(Data extracted from a collection)
---+---
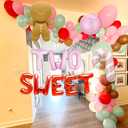 Pink Two Sweet Banner Second Birthday Gingerbread Decor Sweet Christmas Decorations Gingerbread Birthday for Sweet Banner Second Party Decor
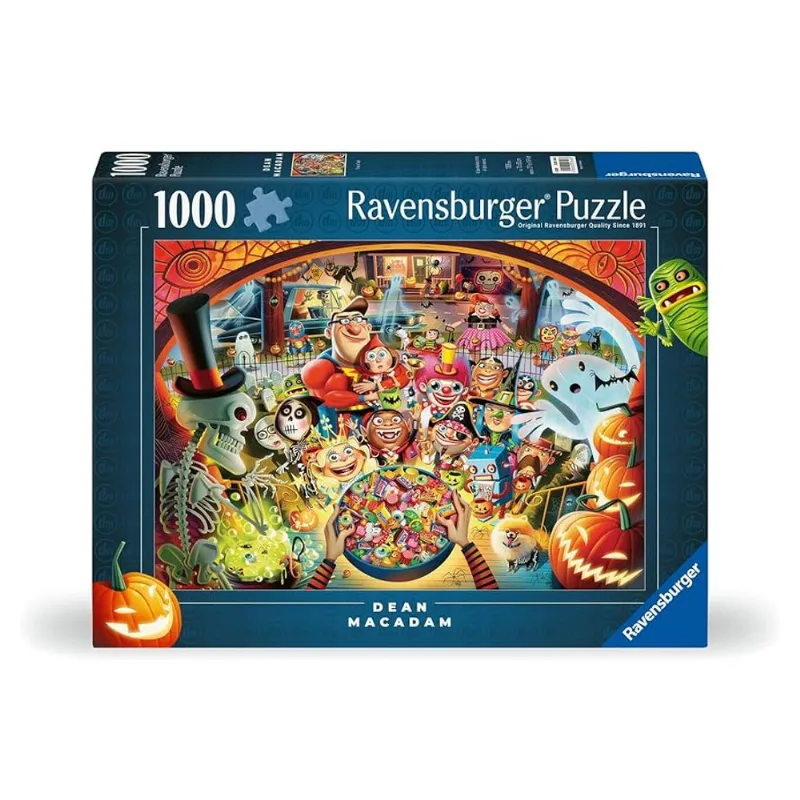 Puzzle 1000 Peças Doces ou Travessuras Ravensburger 12001348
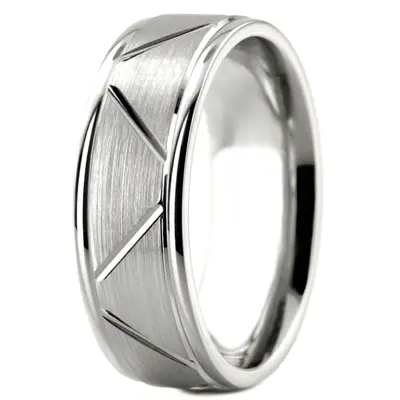Classic Carved Design Wedding Ring  - view 6 of 6
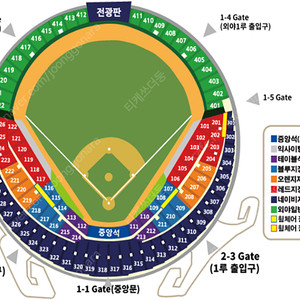 [ 김재호 은퇴식 ] 두산 KT 네이비석 2/4연석 7월6일 양도(7/6) 두산베어스 응원단석 응원석 네이비 4연석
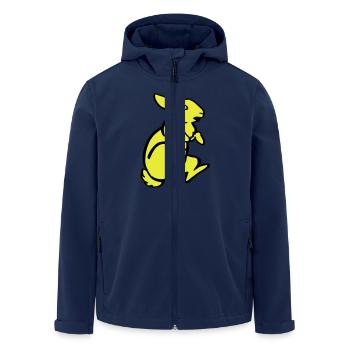 rabbits - Men’s Recycled Softshell Jacket by Stanley/Stella - navy - Front - AI Model Male 185 light (185cm)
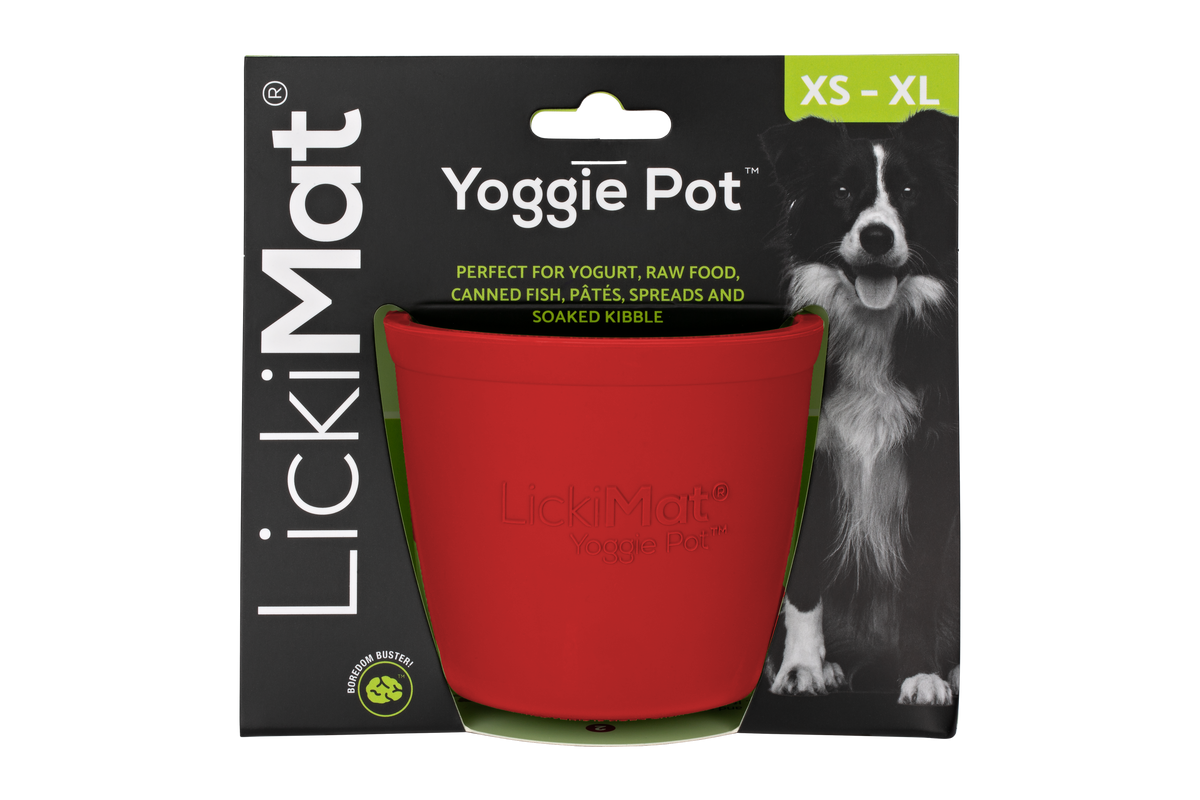 LickiMat Yoggie Pot Red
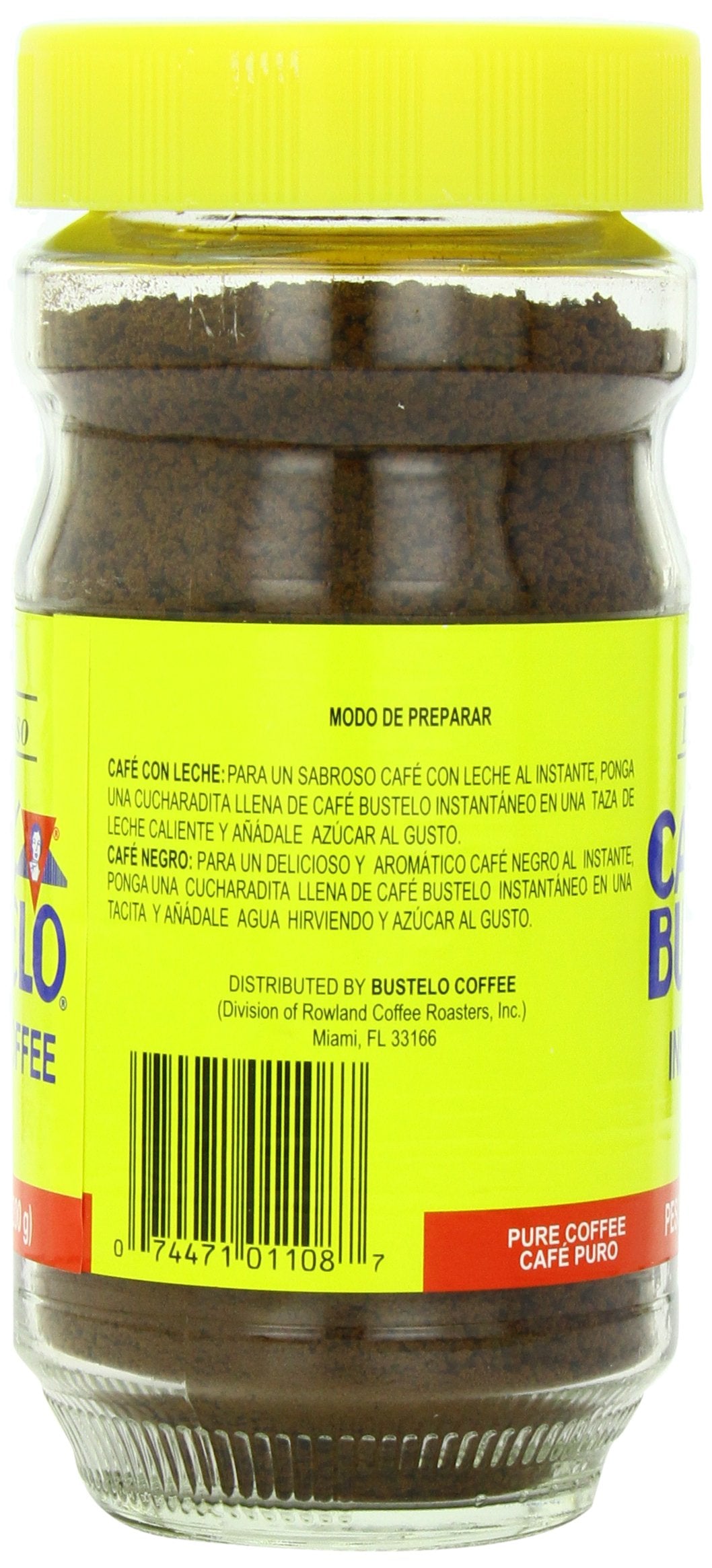 Café Bustelo Coffee, Espresso Style Instant Coffee, 7.05 Ounces, 12 Count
---+---
◆ AIM OF THE EXERCISE ◆
Would you reproduce the lines above exactly, without carrying over the pictures?

◆ PROBLEM SOLUTION ◆
 Pink Two Sweet Banner Second Birthday Gingerbread Decor Sweet Christmas Decorations Gingerbread Birthday for Sweet Banner Second Party Decor
 Puzzle 1000 Peças Doces ou Travessuras Ravensburger 12001348
Classic Carved Design Wedding Ring  - view 6 of 6
 [ 김재호 은퇴식 ] 두산 KT 네이비석 2/4연석 7월6일 양도(7/6) 두산베어스 응원단석 응원석 네이비 4연석
 rabbits - Men’s Recycled Softshell Jacket by Stanley/Stella - navy - Front - AI Model Male 185 light (185cm)
 LickiMat Yoggie Pot Red
 Café Bustelo Coffee, Espresso Style Instant Coffee, 7.05 Ounces, 12 Count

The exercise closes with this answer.